The coming qualifications revolution

A new generation of qualifications has recently emerged in the global IT sector, which operate very differently from our traditional GCSE’s and A Levels.  For example, Microsoft Learning is now a global leader in IT qualifications and they offer a wide range of Microsoft Certifications which provide individuals with technical expertise and prove their ability to design and build innovative solutions across multiple technologies.  Due to the rapid rate of change in this sector, new Microsoft qualifications are continuously being introduced and existing qualifications revised.  Some certifications are retired when Microsoft ends its support for the related technology and others must be updated every three years by taking a refresh exam.  This generates additional income for the company, enables students to keep up to date on the latest developments in the field and ensures that potential employers have confidence that someone who holds a Microsoft Certification is current and engaged with Microsoft technologies.  In short the value and the relevance of the qualification are maintained over time.

The branding of these new qualifications is also significant because the quality and reputation of the qualification is now inextricably linked with the quality and reputation of the parent company.  Therefore any criticism of the Microsoft Certification will have a negative impact on the corporate image of Microsoft itself, which places pressure on the company to continuously maintain and improve the quality of its qualifications by investing in research and development and experimenting with new and better ways of delivery.  Further pressure comes from existing and any future competitors from around the world which may introduce a superior alternative at any time.  Again, all of these pressures help to maintain the value and the relevance of the qualification.

Because the government uses examination results as a key measure of a schools performance, schools respond by teaching to the test and by choosing the exam board which has the highest pass rate, i.e the easiest exams.  You therefore end up with a race to the bottom with each private exam company competing to provide the easiest exams.
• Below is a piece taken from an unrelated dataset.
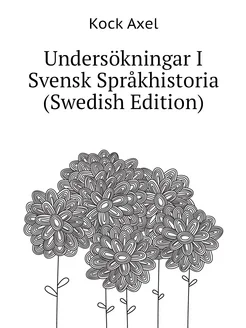 Undersökningar I Svensk Språkhistoria (Swedish Edition)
Children continue to get better exam results, schools continue to climb the league table and the government can boast of helping to improve standards across the board.  And when people begin to highlight the blatantly obvious, that despite increasing grades, children appear to be less educated than half a century ago, the private companies which provide the curriculum and the exams can simply hide behind the cover of the government and its generic GCSE qualification, which now attract most of the criticism.  As a result the branding of the company remains intact, while the value of the GCSE continues to decline, until it becomes worthless.
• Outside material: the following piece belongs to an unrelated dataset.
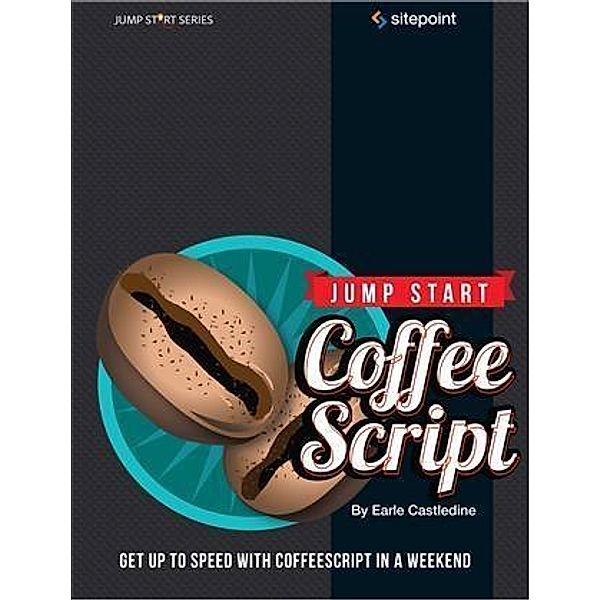 Jump Start CoffeeScript, Earle Castledine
Thankfully, a new generation of specialist qualifications may soon begin to appear in more traditional subjects across the curriculum, as a variety of world class companies and organisations begin to offer their own branded certificates, in the subject areas in which they specialise.   For example, Pfizer could provide qualifications in the sciences, Khan Academy on maths, Pearson on English, Adobe on web design, Virgin on entrepreneurship, Google on utilising the internet, National Geographic on geography, the British Museum on history, the Economist on economics, Fitness First on sport, Jamie Oliver on home economics, Office Angels on how to get a job, Marks and Spencer on customer service and Greenpeace on the environment.  The list is endless.

This unbundling of the school into different subject areas helps to redefine the school as a mechanism that provides students with an assortment of services instead of delivering an indivisible package of education.  We can then start to disentangle the components of that package and customise them to fit specific student needs and abilities.  Choice, variety and specialisation will therefore begin to increase within each school, and each school will now be in a position to offer their students a variety of different courses and qualifications.  With the use of online technology this increasing variety and customisation of children’s education is now much more affordable and this will also encourage a new blended style of learning that combines the classroom with an online experience.

This unbundling of the school will certainly appeal to those parents who live in areas where there is a lack of alternative schools to choose from or who may not want to disrupt their children’s education by transferring them to a different school.  Instead, if they are not satisfied with their child’s progress in a particular subject then they will now have the opportunity to choose between a variety of different educational programmes and qualifications within the same school.  Therefore the goal for customised, unbundled school reform is not to develop a new model of what a good school should look like but to create a flexible system that enables schools and a variety of specialist content providers to meet a variety of needs in increasingly effective and targeted ways.

The end result is that children would not simply graduate after 11 years of schooling with a single certificate which lists the subjects studied and the corresponding A-F grade.  Instead they would graduate with a portfolio of branded qualifications which have real meaning in the outside world and which provide useful information concerning the knowledge and skills acquired by each student.   However, unlike traditional qualifications these branded qualifications will not hold their value for ever but will expire after a certain period of time unless a refresh exam is taken.  This is the only way to guarantee that the qualification holds its value and remains relevant over time, thereby protecting the brand image of both the qualification and the parent company.